*Data provided*.
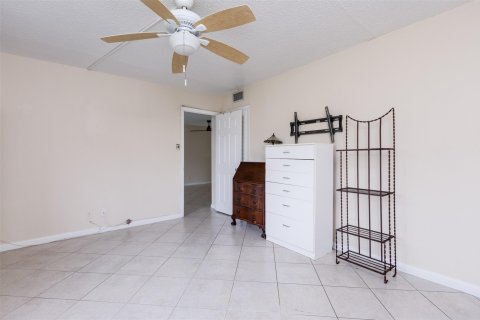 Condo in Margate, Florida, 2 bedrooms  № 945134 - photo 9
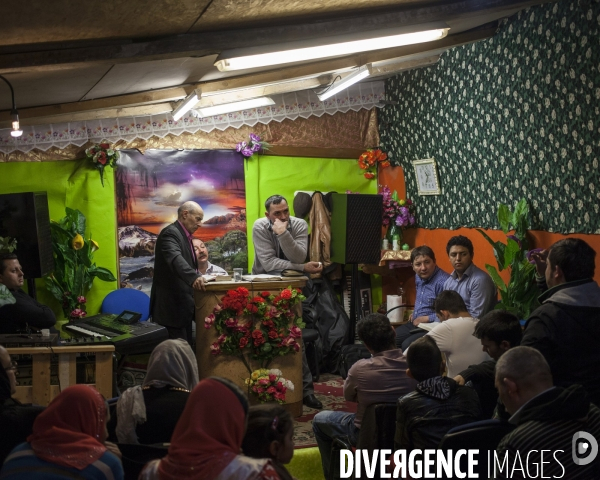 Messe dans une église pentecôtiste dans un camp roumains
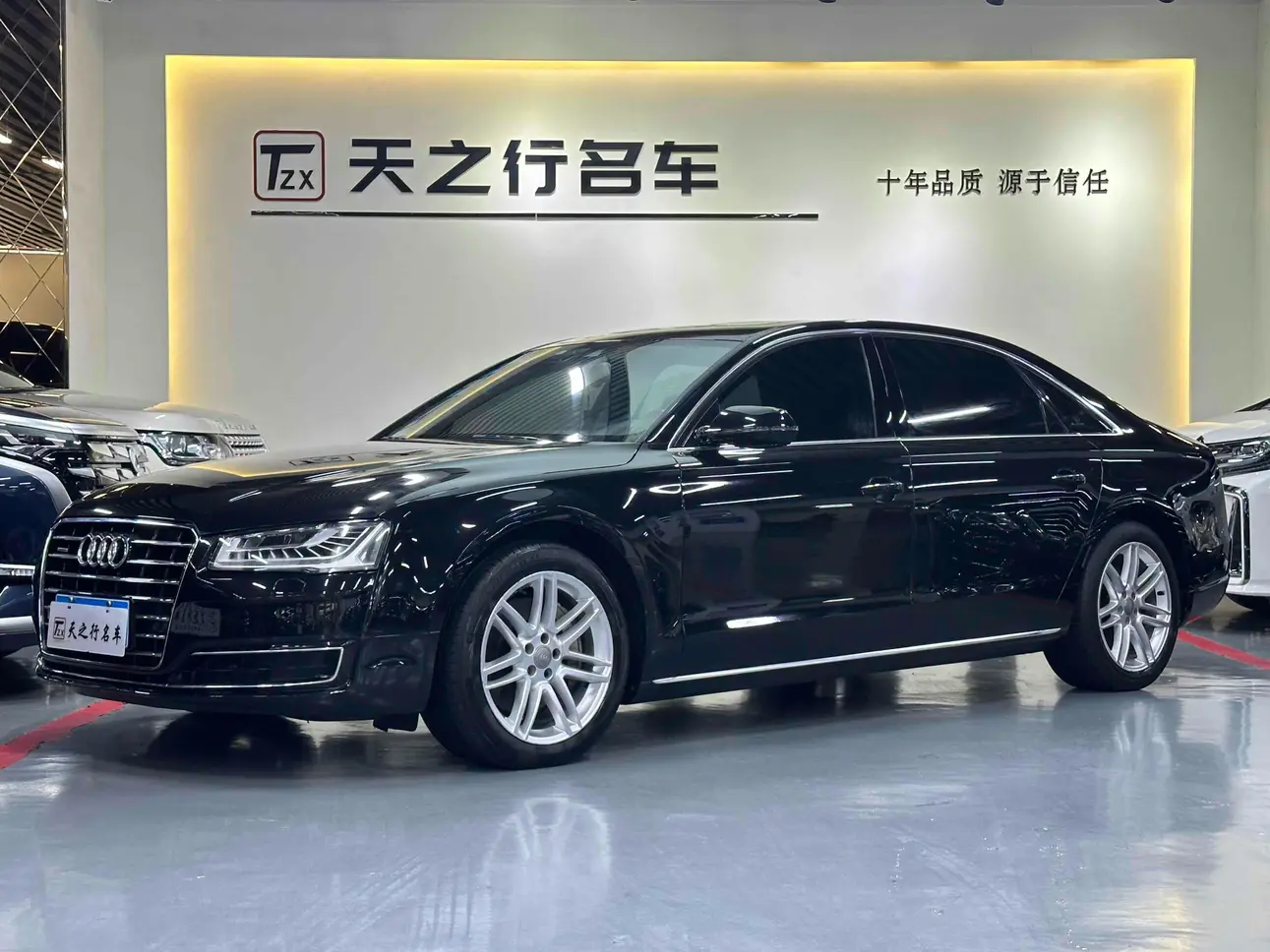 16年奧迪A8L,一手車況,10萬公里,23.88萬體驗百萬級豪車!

*What to work on*. Retype the entire listing exactly as it appears, dropping only the pictures.

*Result for this exercise*.
 Condo in Margate, Florida, 2 bedrooms  № 945134 - photo 9
 Messe dans une église pentecôtiste dans un camp roumains
 16年奧迪A8L,一手車況,10萬公里,23.88萬體驗百萬級豪車!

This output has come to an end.